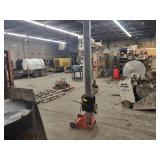 Diamond Products Hydraulic Drill Ri...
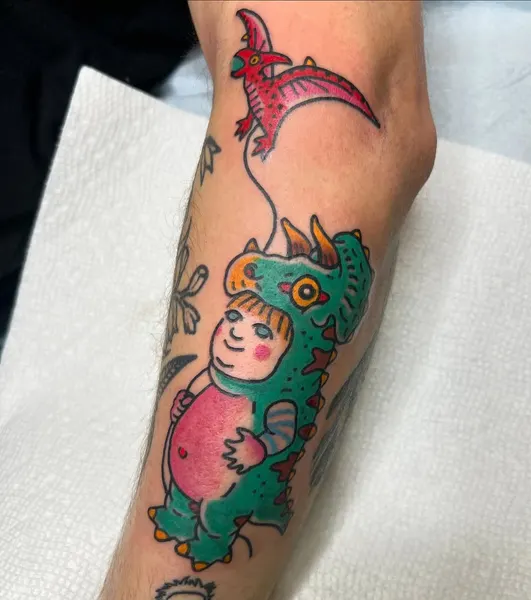 Dragon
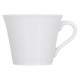 Чашка Apulum Mirt, 200 мл, для чая/кофе с блюдцем, керамика (APM 0483.05.200)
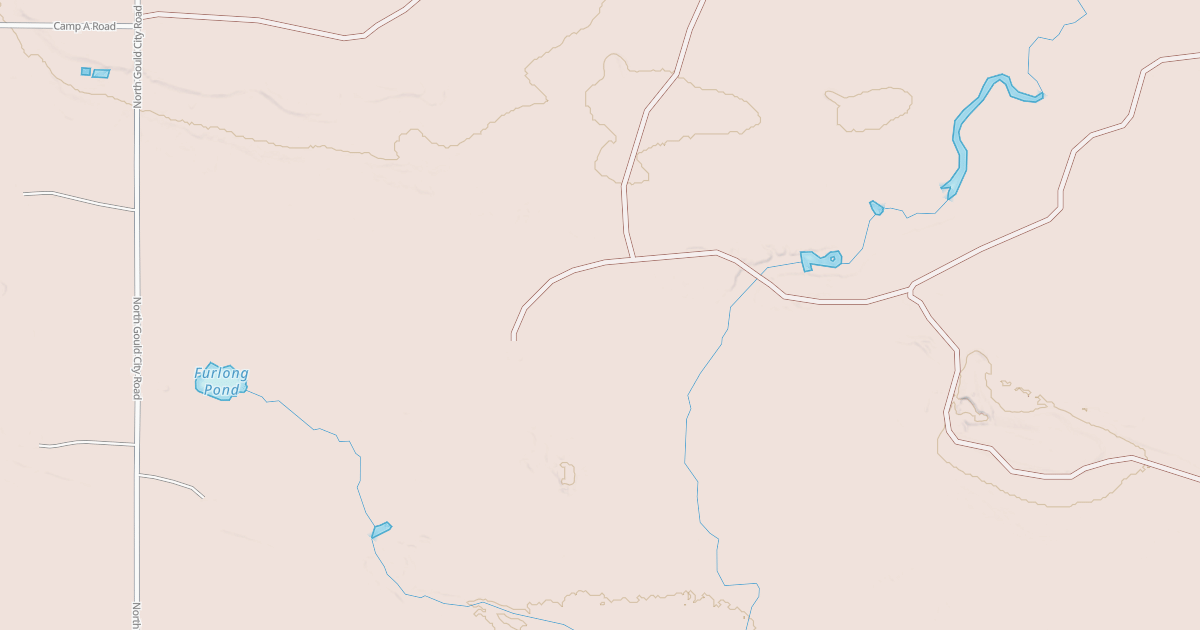 Map preview of Up457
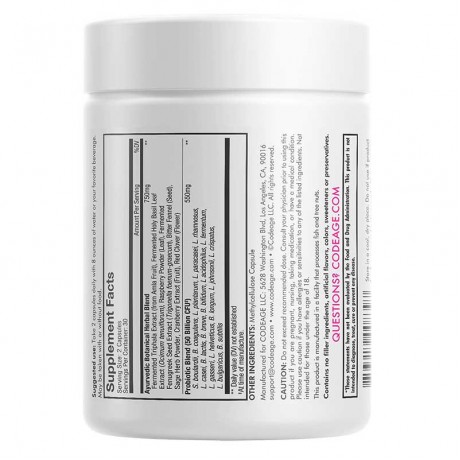 Women's SBO Probiotic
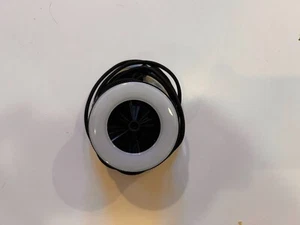 Razer Kiyo Pro Streaming Webcam - Black - Photo 1/3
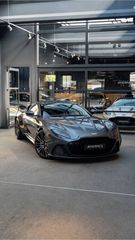 Aston Martin DBS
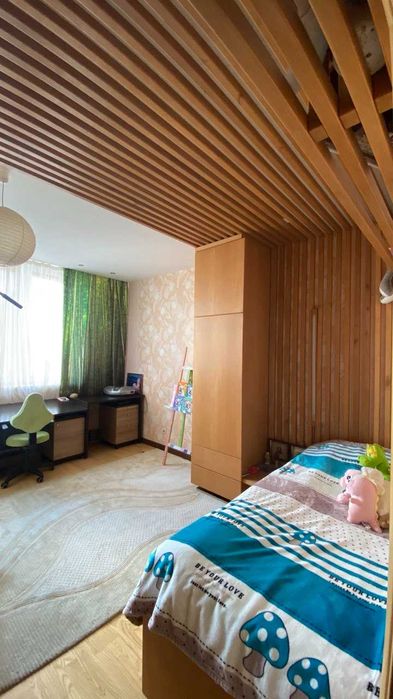Квартира на вул. Гмирі, 6 в Києві, ID 299571, фото №8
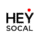 Hey Socal logo 2026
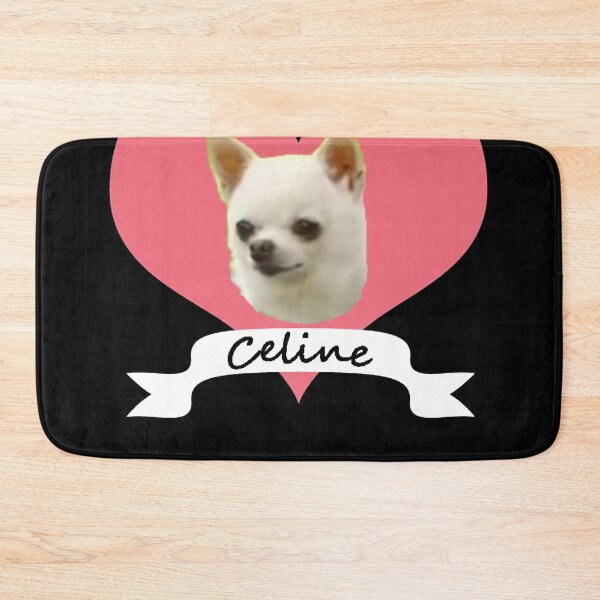 Item preview, Celine Appreciation designed and sold by denson-dong.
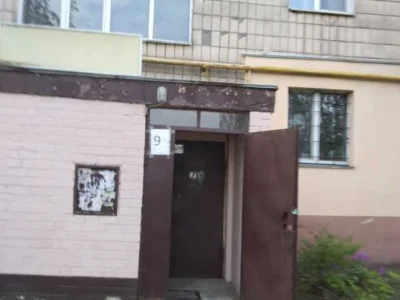 довгострокова оренда 1-к квартира Київ, Дніпровський, 8500 грн./міс.
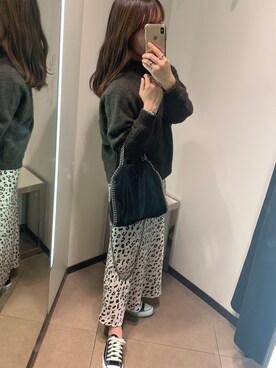 nagiさんのコーディネート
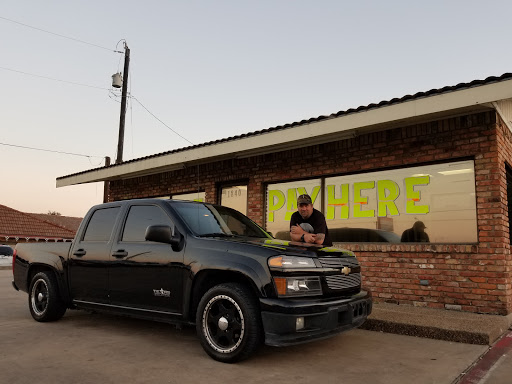 Used Car Dealer «The Car Network», reviews and photos, 1840 Forest Ln, Garland, TX 75042, USA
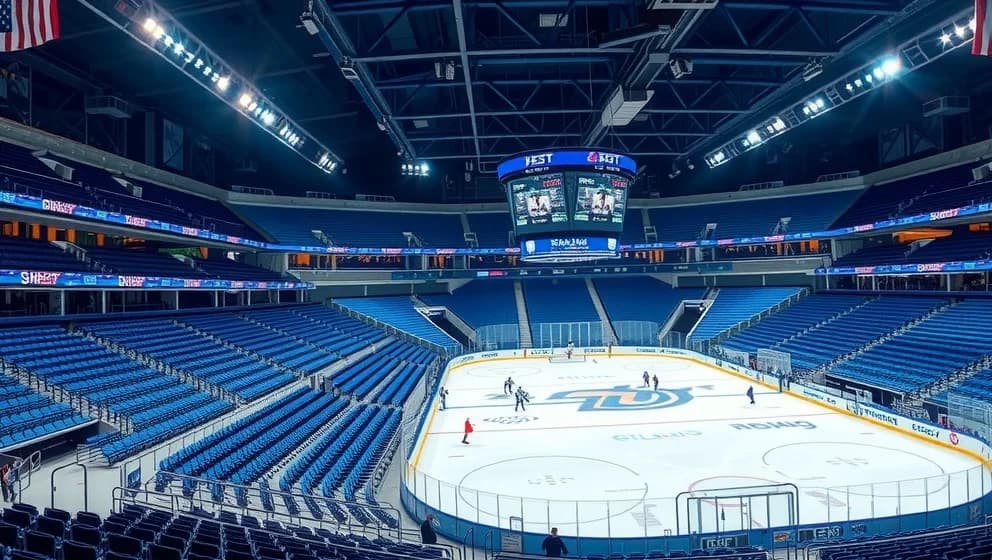 Can the Blues make the playoffs this season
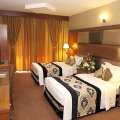 Dubai Palm Hotel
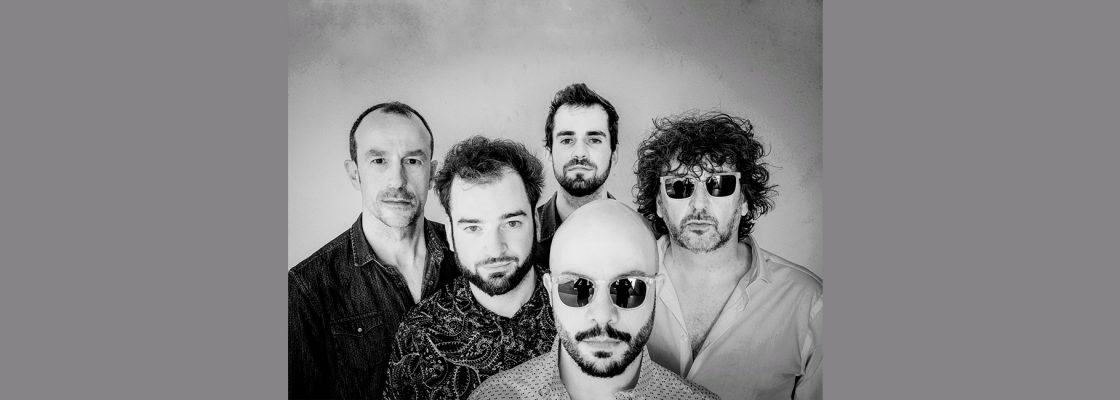 Arquivado: Barry White Gone Wrong | 11º Aniversario Armazém 8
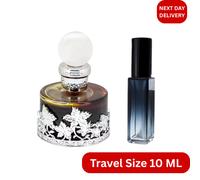 Swiss Arabian Mukhalat Malaki Concentrated Perfume Oil 10ml - Travel Size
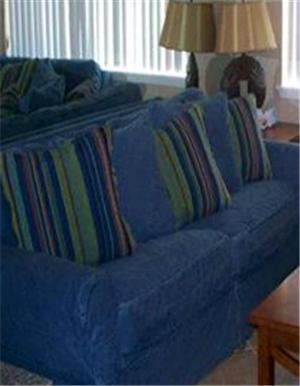 Capri By The Gulf 3* Destin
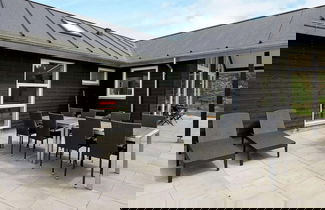 Foto 1 - Holiday Home in Thisted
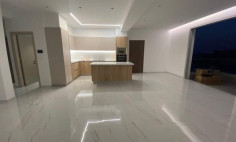 2 bedroom penthouse to rent in Agia Fyla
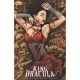King Dracula #2 Cover D Derlis Santacruz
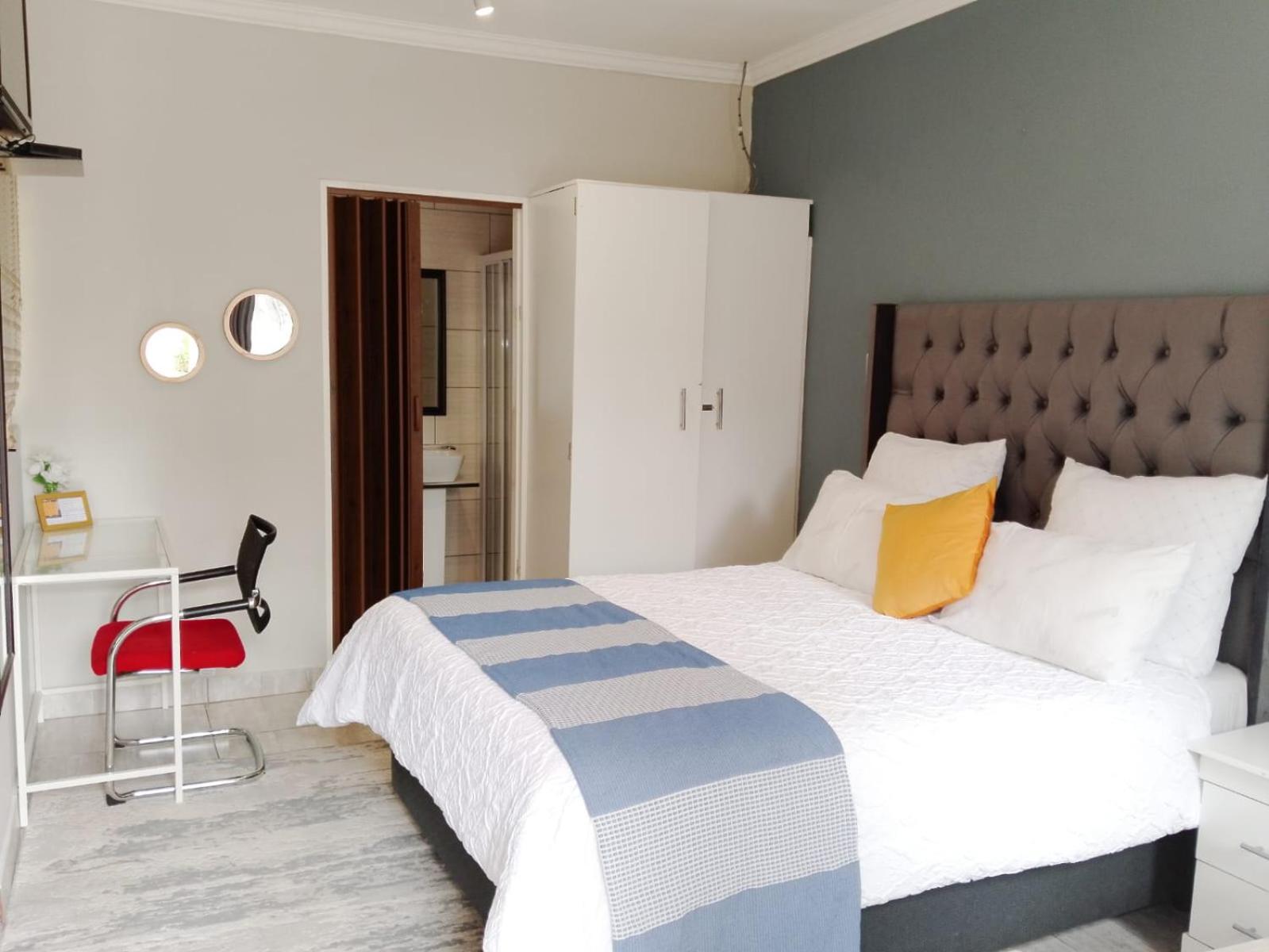 South Serene Guest House Midrand Εξωτερικό φωτογραφία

══════════

When an image appears in the data, skip it and output the rest exactly.

 Diamond Products Hydraulic Drill Ri...
 Dragon
 Чашка Apulum Mirt, 200 мл, для чая/кофе с блюдцем, керамика (APM 0483.05.200)
 Map preview of Up457
 Women's SBO Probiotic
 Razer Kiyo Pro Streaming Webcam - Black - Photo 1/3
 Aston Martin DBS
Квартира на вул. Гмирі, 6 в Києві, ID 299571, фото №8
 Hey Socal logo 2026
 Item preview, Celine Appreciation designed and sold by denson-dong.
 довгострокова оренда 1-к квартира Київ, Дніпровський, 8500 грн./міс.
 nagiさんのコーディネート
 Used Car Dealer «The Car Network», reviews and photos, 1840 Forest Ln, Garland, TX 75042, USA
 Can the Blues make the playoffs this season
 Dubai Palm Hotel
 Arquivado: Barry White Gone Wrong | 11º Aniversario Armazém 8
 Swiss Arabian Mukhalat Malaki Concentrated Perfume Oil 10ml - Travel Size
 Capri By The Gulf 3* Destin
 Foto 1 - Holiday Home in Thisted
 2 bedroom penthouse to rent in Agia Fyla
King Dracula #2 Cover D Derlis Santacruz
 South Serene Guest House Midrand Εξωτερικό φωτογραφία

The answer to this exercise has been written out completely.